What is needed: Print the lines below from the line with "Engine control unit/module" to the line with "2024 Toyota RAV4 XLE Premium SUV" exactly, keeping both ends, and print no pictures.

Material shown:
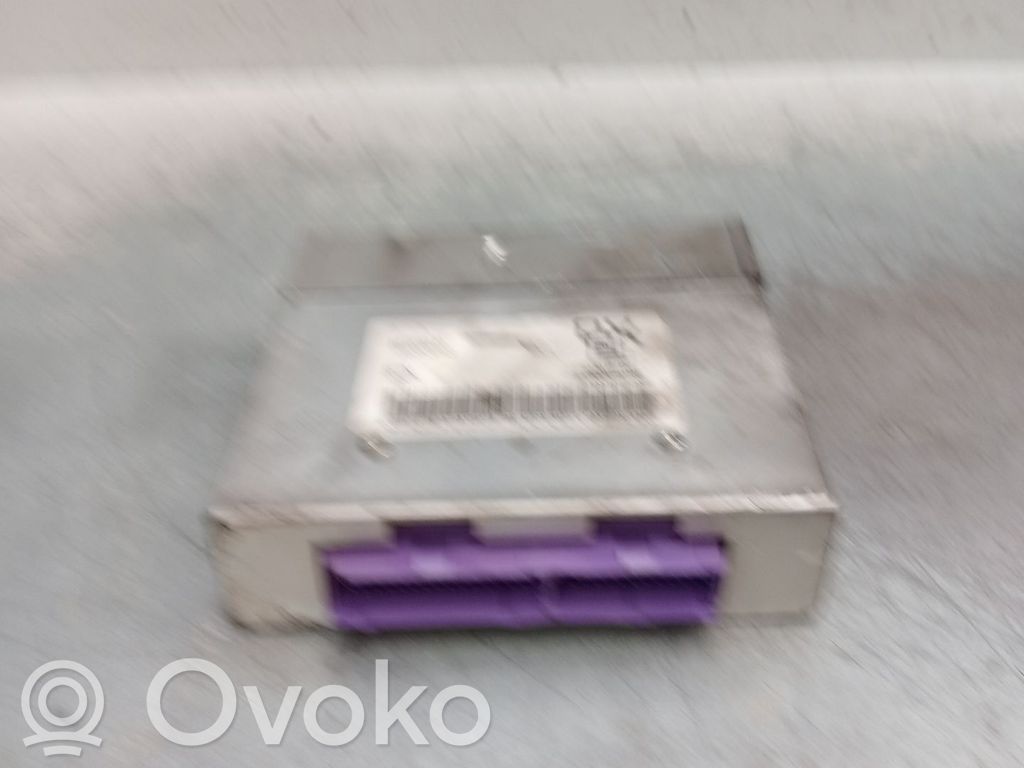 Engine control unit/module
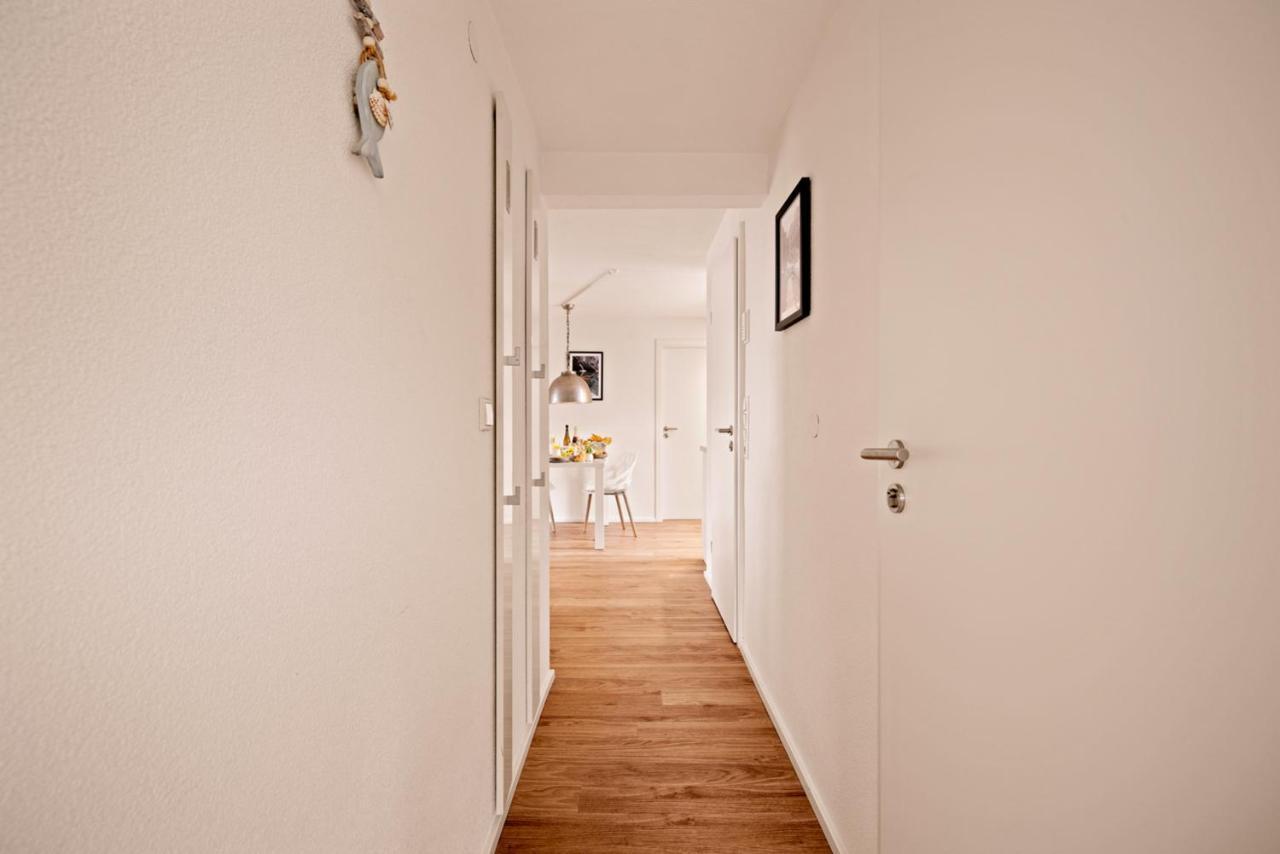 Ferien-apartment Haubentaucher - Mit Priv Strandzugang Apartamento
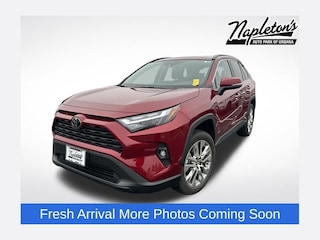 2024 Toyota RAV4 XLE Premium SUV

==

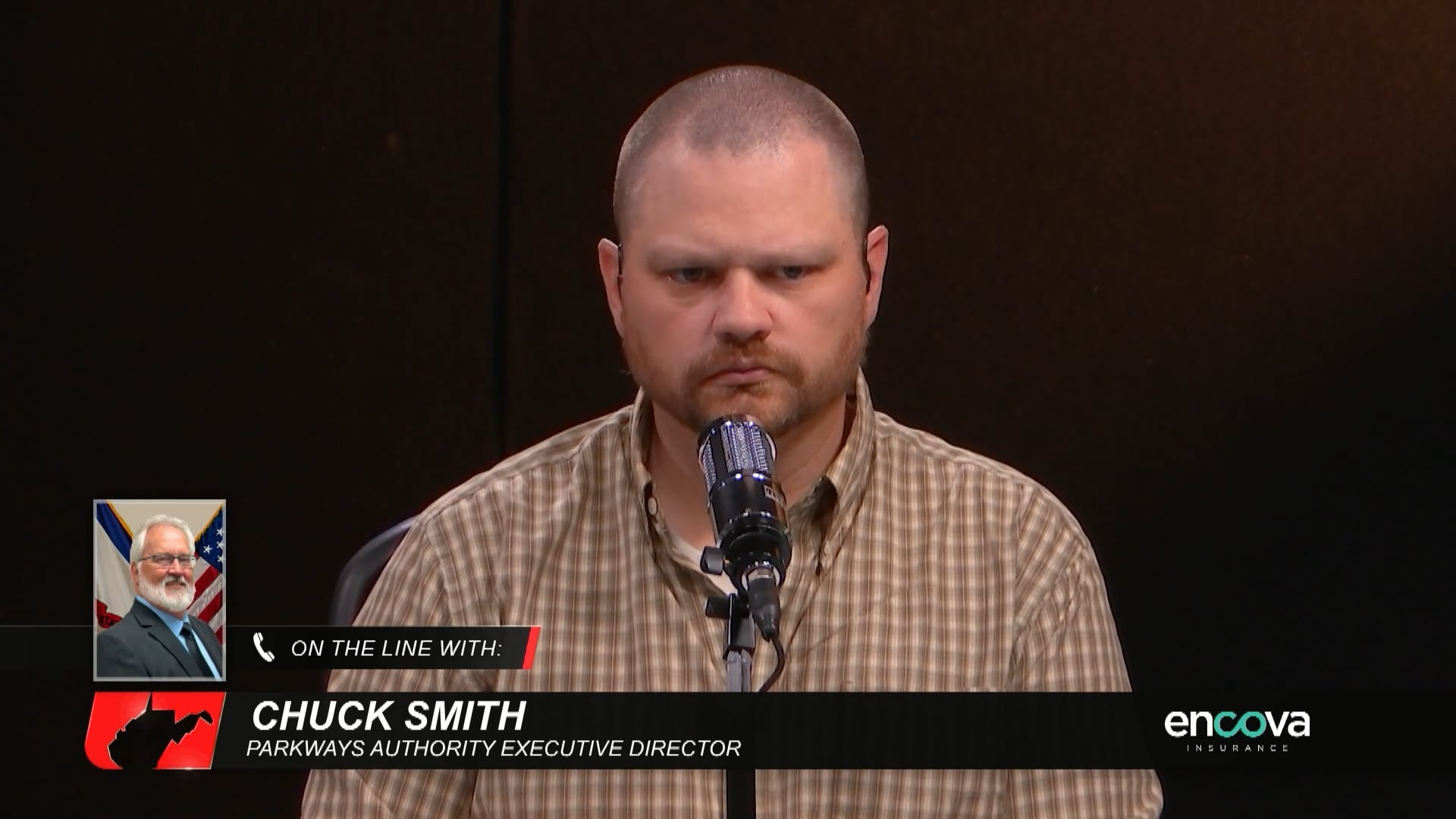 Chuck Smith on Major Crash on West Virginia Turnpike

Result:
 Engine control unit/module
 Ferien-apartment Haubentaucher - Mit Priv Strandzugang Apartamento
 2024 Toyota RAV4 XLE Premium SUV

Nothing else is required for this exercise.